→ **Work order**
Your answer should contain only the lines from the top of the data below down through the one with "Moderner neoklassizistischer Schreibtisch", transcribed exactly and without pictures; please include nothing more.

→ **Information supplied**
.....

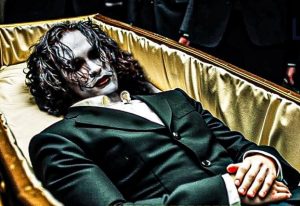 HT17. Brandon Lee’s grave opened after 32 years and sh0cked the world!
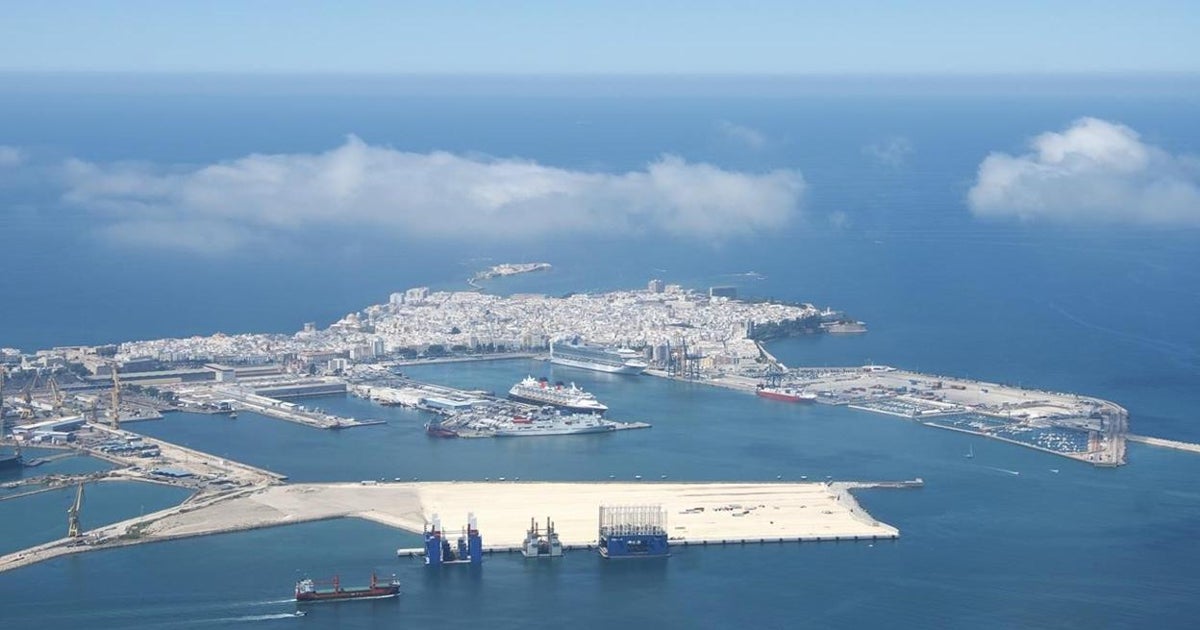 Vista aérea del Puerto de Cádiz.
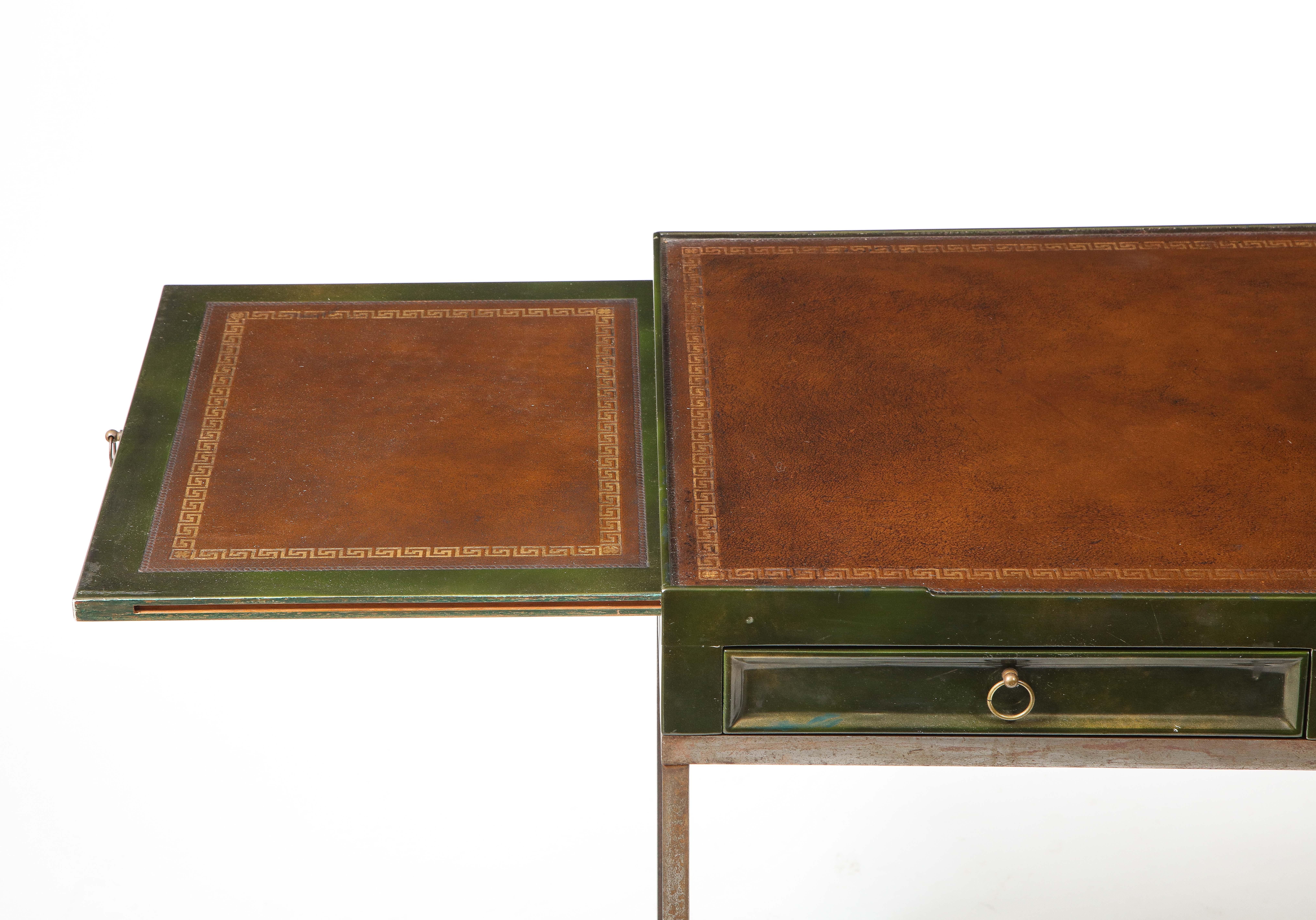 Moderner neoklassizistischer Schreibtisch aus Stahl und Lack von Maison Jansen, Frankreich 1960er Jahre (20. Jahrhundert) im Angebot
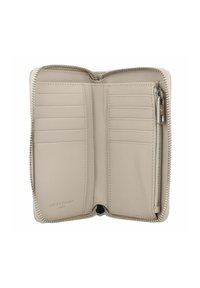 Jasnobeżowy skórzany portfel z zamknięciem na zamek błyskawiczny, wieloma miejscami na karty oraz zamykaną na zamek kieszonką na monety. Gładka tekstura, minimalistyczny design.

.....

→ **Solution for this problem**
 HT17. Brandon Lee’s grave opened after 32 years and sh0cked the world!
 Vista aérea del Puerto de Cádiz.
 Moderner neoklassizistischer Schreibtisch aus Stahl und Lack von Maison Jansen, Frankreich 1960er Jahre (20. Jahrhundert) im Angebot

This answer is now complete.